DATA FOR THE TASK
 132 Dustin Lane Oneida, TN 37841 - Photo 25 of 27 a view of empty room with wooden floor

---

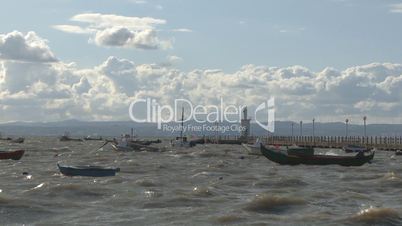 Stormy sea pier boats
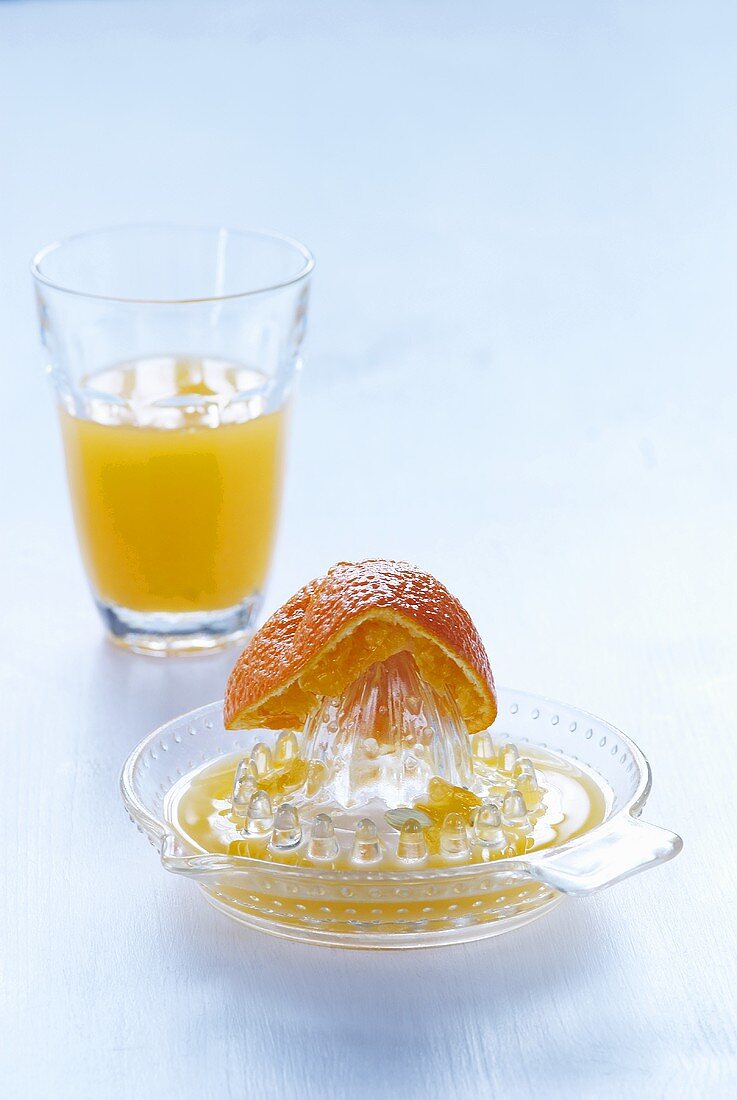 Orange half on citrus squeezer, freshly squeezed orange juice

AIM OF THE EXERCISE
Set down word for word the lines above from the one with "Stormy sea pier boats" up to and including the one with "Orange half on". Omit every picture.

OUTPUT FOR THIS TASK
 Stormy sea pier boats
 Orange half on citrus squeezer, freshly squeezed orange juice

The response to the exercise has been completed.